The museum is currently closed for an 18-month renovation project, and is expected to open again in June 2007, whereupon Bishop Adoyo and other church representatives plan to petition the curators in an effort to persuade them "to force the museum to change its focus."


The article continues,

It was these comments Leakey termed outrageous. Calling members of the Pentecostal church fundamentalists, Leakey added: "Their theories are far, far from the mainstream on this. They cannot be allowed to meddle with what is the world's leading collection of these types of fossils."

If, as fundamentalists claim, evolution is just a theory, then there seems no reason why evolution could not be brought into the religious classroom, or be included as a separate book added on to the bible, to be taught as another belief system embraced by millions world-wide. The fact that this doesn't happen at the moment is because such ideas would not so much detract from any implicit religious concept of the emergence and purpose of life and intelligence, more that they would deprive them of precious time in which to preach their beliefs to an essentially captive audience.

Of course, evolution will never be taught in this context, as it would be objectionable to all concerned - scientists would protest that evolution was being de-coupled from its rightful connection to the scientific method - it's possible that some might regard it as an ideal opportunity to get their objective message across
to a subjective audience. However. it's likely many scientists would refuse to teach in the context of a religious environment under any circumstances.

Religious educators might take a similarly dim view of the idea, arguing that science leads away from doctrine, and vehemently discourages religious acceptance in any form - however, others might welcome an opportunity to engage in a dialogue between two seemingly irreconcilable sets of ideas.

As far as Richard Leakey is concerned, it must be frustrating to reach the end of his career only to find all that he has worked for is under threat from an unexpected direction. In the decades during which much of his career was spent, science to many appeared to be winning an ideological battle against what it considered to be the superstition of religion. The world had been riven by two disastrous world wars and countless other conflicts, and it may have been as a result of this that church attendance in the western world began to decline dramatically.

Other monotheistic practices continued, seemingly in the background to the western psyche, to whom the concept of fundamentalism was almost unknown up until the late 1970s, and the fall of the shah of Iran and the unstoppable rise of the ayatollahs. At the same time, Christian fundamentalism in the West, although extant, maintained a much lower profile than is the case today.

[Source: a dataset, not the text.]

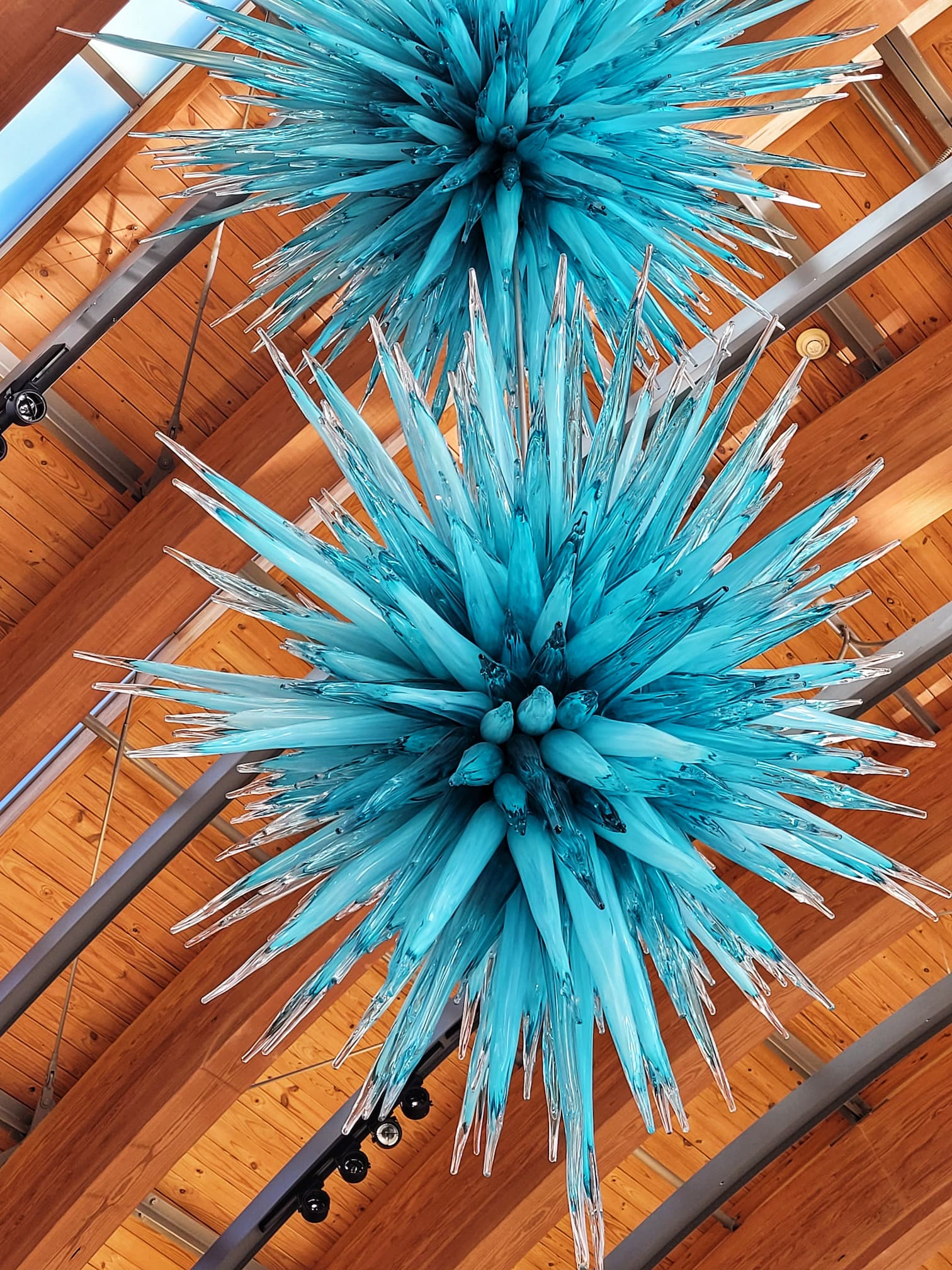 photo of azure icicle chandelier by dale chihuly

A new material world was being constructed, one that promised greater opportunity, more jobs but less arduous work, idyllic leisure time and a world of labour-saving gadgetry hitherto undreamed of. And to cap it all, we landed men on the Moon - the giant leap had been made, and we seemed set for the stars.

But instead of installing lunar bases and travelling to Mars, mankind seemingly opted instead to construct military training facilities from whence to launch quasi-religious warfare on an unprepared and secular world. Religion had embraced science in a big way, and has continued to so, having now extended its reach into cyberspace as well as the traditional terrestrial arenas of urban and rural conflict.

Additionally, we have slowly come to realise that the Earth itself is in the grip of a traumatic struggle as the Sixth Great Extinction slowly gathers momentum, aided and abetted by a human population, who whether deliberately or not, are '
racing towards an apocalypse of our own creation'

In this respect, Leakey represents entire generations of us who have grown up in a world of scientific promise that is perceived by many as having failed to deliver us from the darkened corridors of a threateningly dark and labyrinthine past into the silver super-cities basking in a glittering future.

Optimistic documentaries and programmes through the '70s, '80s and '90s have been broadcast to an eager public, thirsty for knowledge about our past, present and mooted future, seemingly content to let the theological teachings and moral promptings of two millennia slip quietly into the background.

Leakey also comes from a time when the TV documentary was a very different affair from its modern descendant, shot largely on location, with the occasional clip of an interview with the main archaeologists on site. Today of course, documentaries featuring ancient humans often have actors in costume re-enacting some or other imaginary situation, nearly all of which are uncannily unconvincing. Most of the archaic humans portrayed tend to be Neanderthals, strong, silent types with a habit of making many facial expressions of puzzlement, as if they're in a permanent state of not quite grasping what's going on around them.

But every time Homo sapiens appears on the scene, there's a little passage of narrative which ends with a slight pause, until the narrator says something like "...these people were Us!" or "....ourselves, Modern Man!", followed by a long booming timpanic roll, some blaring music and the surreal on-screen spectacle of the clouds suddenly zooming across the sky in fast-forward motion, (indicating the passage of Time), and which then brake hard as the Sun rises, indicating that Intelligence, in the guise of modern humans, has finally manifested itself upon the smilingly grateful face of Planet Earth.

What is overlooked is the fact that at the times when they first emerged, Neanderthals, heidelbergensis, Homo erectus et al, as well as various australopithecines were themselves at the very forefront of hominin innovation, each new release possessing an even more, (though occasionally less) impressive array of cognitive and technological abilities than the generation that preceded it. In the unlikely event I ever make a Neanderthal documentary, they will appear against a backdrop containing the full Moon set against a cloudless night sky. These symbols would be signifying the arrival of a sentient dark energy manifesting into the symbolic mind, that itself would go on to propel the expanding consciousness of mankind into the runaway mode in which we find it today.

My opening scene for the emergence of Homo erectus might involve them navigating across the open sea at 900,000 years b.p., en route to the Indonesian island of Flores, (later home to the Floresian 'hobbits') admittedly long after their actual inception, but providing a nice analogy that the human journey of exploration was sufficiently advanced to include the conquering of environments in ways never before attempted by living creatures on Earth. However, someone would doubtless want to include backing music along Hawaii Five-0 lines, which somehow wouldn't quite work.

Mainstream religion has in some ways taken a parallel, if not physical, path, evolving from a set of disparate belief sets and arcane ritual, involving a rich panoply of deities and assorted spirits, which have gradually been dispensed with, to a point where only a single figurehead of eternal omnipotence is considered worthy of worship.

So the light of spiritual enlightenment coupled with its scientific equivalent, should have combined to produce something that was even brighter - instead, the result so far has been sonic in aspect, a deafening cacophony of bitter accusation and recrimination, fuelled by the deep resentments of two mighty adversaries engaged in a fight to the death, as they bid to gain control of a world, its opinions and ultimately its very soul.

Moreover, the 'photons' of religion and science have both acquired physical mass at an accelerated rate, which has transformed into physical matter in the guise of arms and associated weaponry, which in this current and intellectually stormy climate will almost inevitably collide head-on, perhaps producing an incandescence of light more readily associated with the deployment and detonation of nuclear materiel.

In an ideal world, people like Richard Leakey should have been left to spend his twilight years with his feet up, contentedly puffing smoke-rings of achievement across a clear blue sky, instead of which, and in a manner more akin to a latter-day and anthropological version of Douglas Bader, he will tap out the embers of his pipe, shove it into his jacket pocket, before firing up the engine, to once more do battle with yet another belief system that threatens to shut us down for ever.